No big surprise on the PC specs - although I ran across a rumor from a while back that Apple was going to put on-board AVC decoders into Macs ?

I looked at Ambarellas site -

There is some clues in there that point to AVC HP (same stuff DirecTV and BluRay are using) - didn't realize someone had an HP encoder totally in H/W



> "1/4 Pixel" motion compensation
> Multiple motion compensation block sizes
> Advanced intra-prediction
> Normative de-blocking filter
> ...


CABAC is in MP and HP but not BP
1/4 Pixel mocomp is only in HP 
Intra prediction is most likely HP - just because there are several sub profiles that are intra only - but the kicker is Intra-Only precludes CABAC so maybe it does HP and MP.


----------



## uscboy (Sep 5, 2006)

This is useful for a few different things, but if macrovision is enabled on the 
Component outputs of the HRXX model DVRs then it's far less useful. And given 
the current culture towards fair use rights, I have a feeling if the industry even 
sneezes DirecTV will flip the switch to on.


----------



## NCLou (Nov 14, 2003)

For those of you capturing the video through a TV card, do you use any software to create a DVD you can play in a standalone DVD player?

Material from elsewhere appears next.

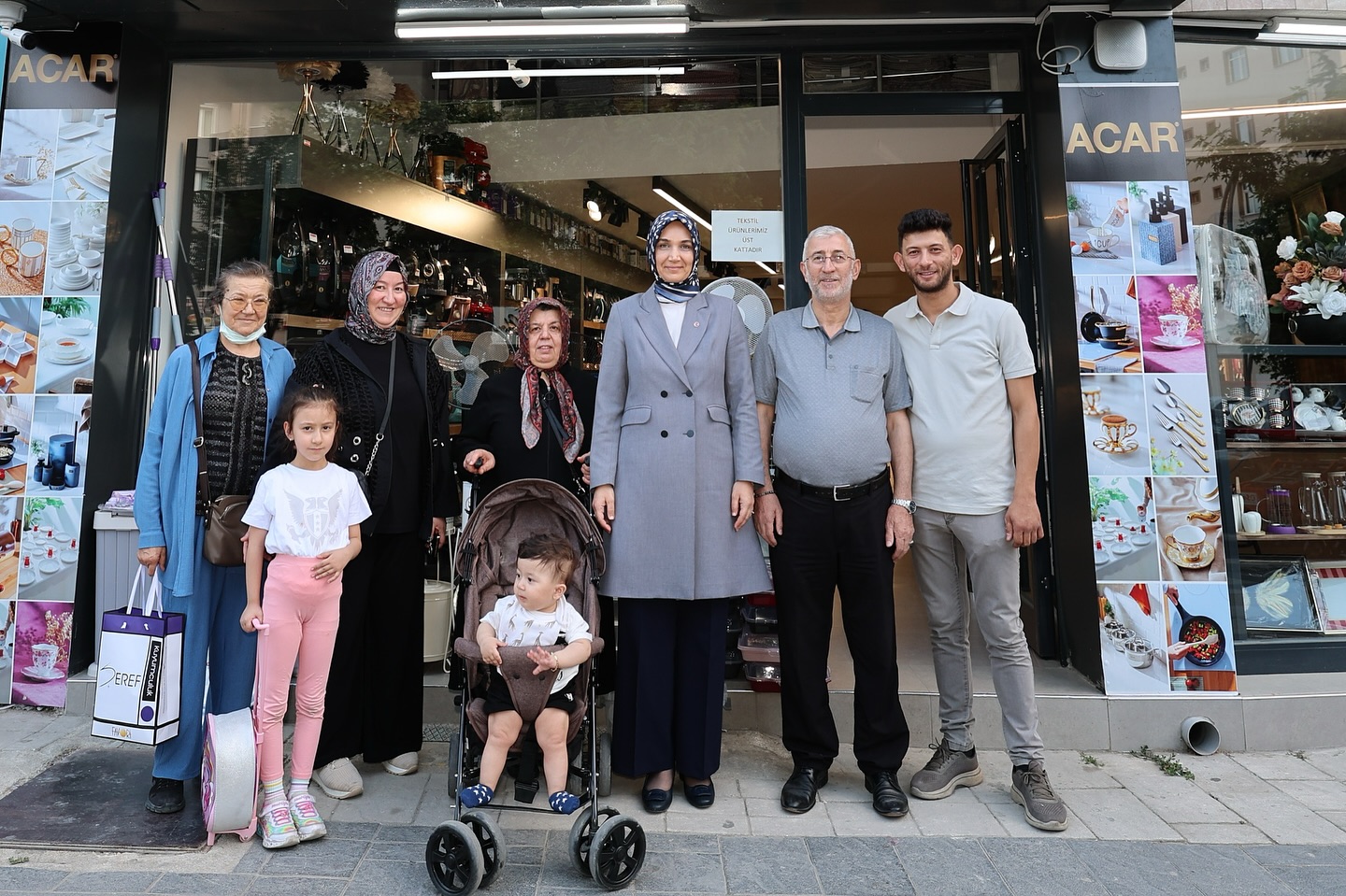 Vali Yiğitbaşı, Esnafı Ziyaret Etti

I capture AVIs with Virtualdub, but I am having a lot of trouble burning them to a DVD I can play in a standalone. Ideally I'd like to be able to put two or three on a DVD and have a simple menu.

Thanks.


----------



## uscboy (Sep 5, 2006)

Ulead DVD MovieFactory 6 is what I've used - very user friendly and a better 
MPEG encoder than other programs like VideoStudio.


----------